ACTIVITY: Exclude the pictures. Transcribe exactly, and only, the lines from the one holding "Fusil superposé élégant" to the end of the material below.

= Beginning of Section =

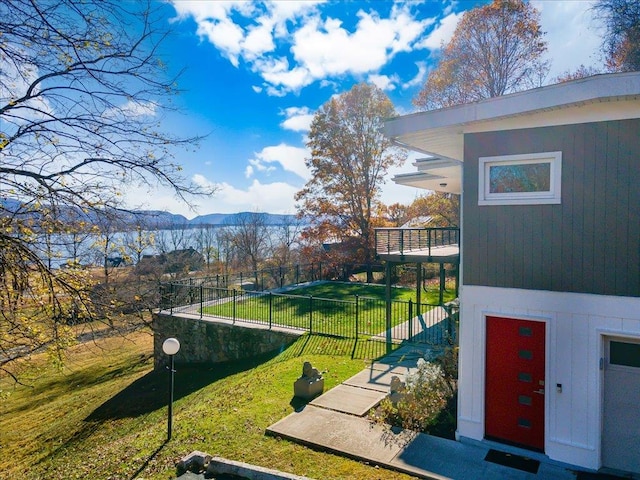 view of community with a mountain view and a yard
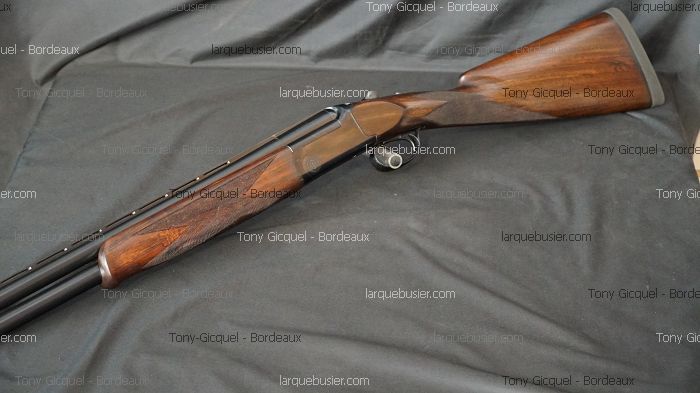 Fusil superposé élégant en bois foncé et canons noirs, reposant sur un tissu gris. Textes : Tony Gicquel - Bordeaux, larquebusier.com.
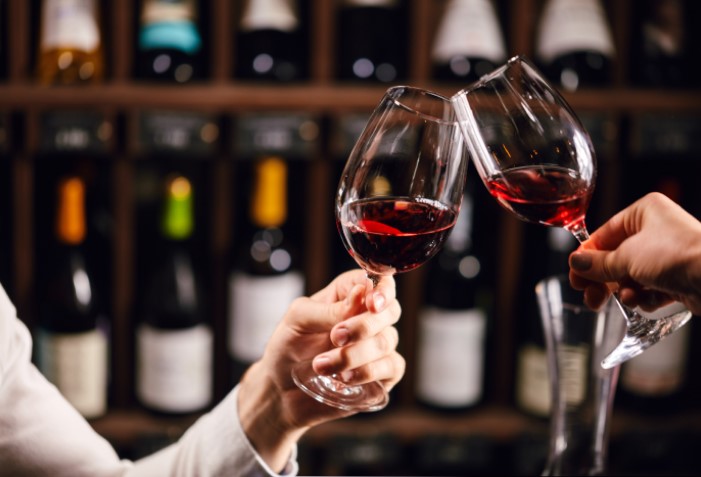 Pessoas bridando com taça de vinho tinto.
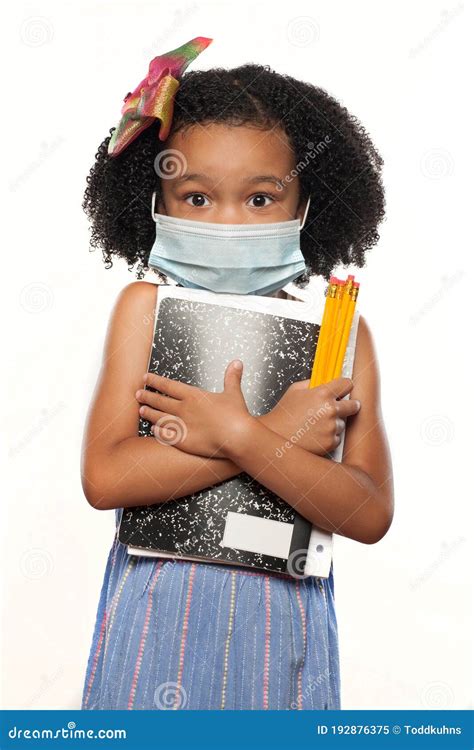 Young African American Girl Wearing A Surgical Mask And Ready To Go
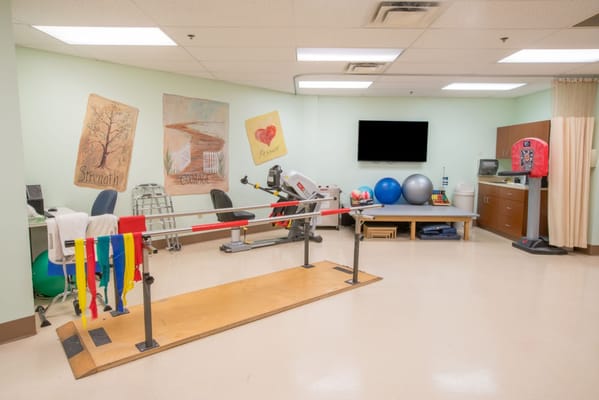 Therapy room featuring exercise equipment and motivational artwork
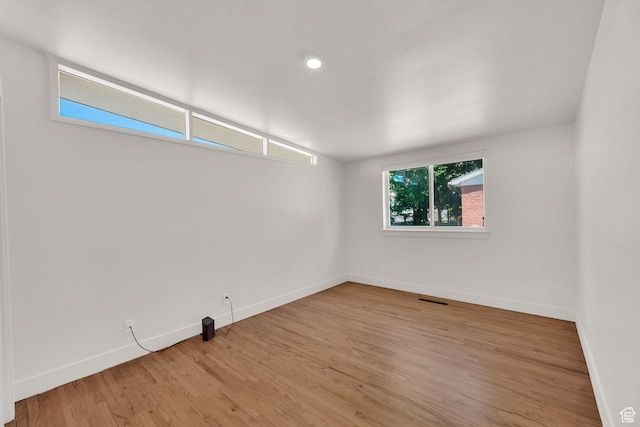 819 E 1100 N, Ogden, UT 84404 - spare room featuring wood finished floors, recessed lighting, and lofted ceiling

= End of Section =

WRITTEN ANSWER:
 Fusil superposé élégant en bois foncé et canons noirs, reposant sur un tissu gris. Textes : Tony Gicquel - Bordeaux, larquebusier.com.
 Pessoas bridando com taça de vinho tinto.
 Young African American Girl Wearing A Surgical Mask And Ready To Go
 Therapy room featuring exercise equipment and motivational artwork
 819 E 1100 N, Ogden, UT 84404 - spare room featuring wood finished floors, recessed lighting, and lofted ceiling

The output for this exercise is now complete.